Society

Environmental groups criticize Slovak plan to cull 350 bears

Plans by Slovakia’s government to cull 350 brown bears after a man was mauled to death have been criticized by environmental groups.

Slovakia’s environment minister, Tomáš Taraba, announced the plans on Monday in response to a fatal attack at the weekend. A man’s body was found in woods in central Slovakia on Sunday evening with “devastating” injuries consistent with being mauled by a brown bear.

Taraba said that due to the population growth in brown bears, a cull of 350 bears would be implemented, similar to measures introduced in Romania last year.

The announcement was met with consternation by environmental organizations.

“This is just a hysterical reaction [by the government] to the tragedy on Sunday night,” Pavol Žilinčík, a lawyer and policy manager at World Wildlife Foundation (WWF) Slovakia, told TVP World. “The government simplifies things by thinking ‘there are too many bears so let’s kill some’. But the solution should be introducing measures that reduce bear encounters.”

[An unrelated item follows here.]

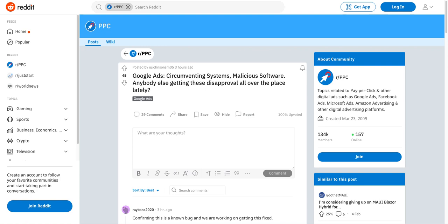If you've had these errors in the past, you know that they can be a real pain to solve. Particularly the malicious software one — Google will sometimes flag an ad for having problems with malicious software on the site, like hidden scripts. They're not doing a very good job at ever giving you an example of what that malicious software or script is. They just kind of expect you to work it out.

One step, he said, would be to stop hunters using food to attract deer and elk as that can also bring bears close to humans. Other measures are educating people on how to avoid bears and the introduction of bear-proof rubbish bins, which would stop bears coming into towns and villages to find food waste.

In a press statement the WWF also argued that the cull contravened international obligations and would be illegal. The statement also cited a representative of the We Are the Forest conservation organization saying that “blanket and non-targeted shooting of bears is not a solution.”

The Carpathian Brown Bear Project, a Poland-based conservation group, reported last year that following changes in Slovakia’s bear management policy to permit more hunting of “unwanted” or “undesirable” brown bears, the move would affect neighboring bear populations, including in Poland and the Czech Republic.
The WWF also said that it had been “scientifically proven” that shooting bears fails to reduce the number of bear-human encounters.

Politically too, the cull proved contentious. The opposition Christian Democrats (KDH) described the plans as “excessive” and said the problem needed to be addressed locally with a focus on prevention.

The European brown bear (Ursus arctos arctos) is protected by the EU’s Habitats Directive and the Bern Convention on the Conservation of European Wildlife and Natural Habitats. It was hunted to near extinction in Slovakia, with only a few dozen remaining by the 1930s. In 2020, the brown bear population in the Slovakian Carpathian Mountains was estimated at 2,500–3,000.

A bill proposing the declaration of a state of emergency in order to enable the cull was passed by Slovakia’s parliament on Wednesday.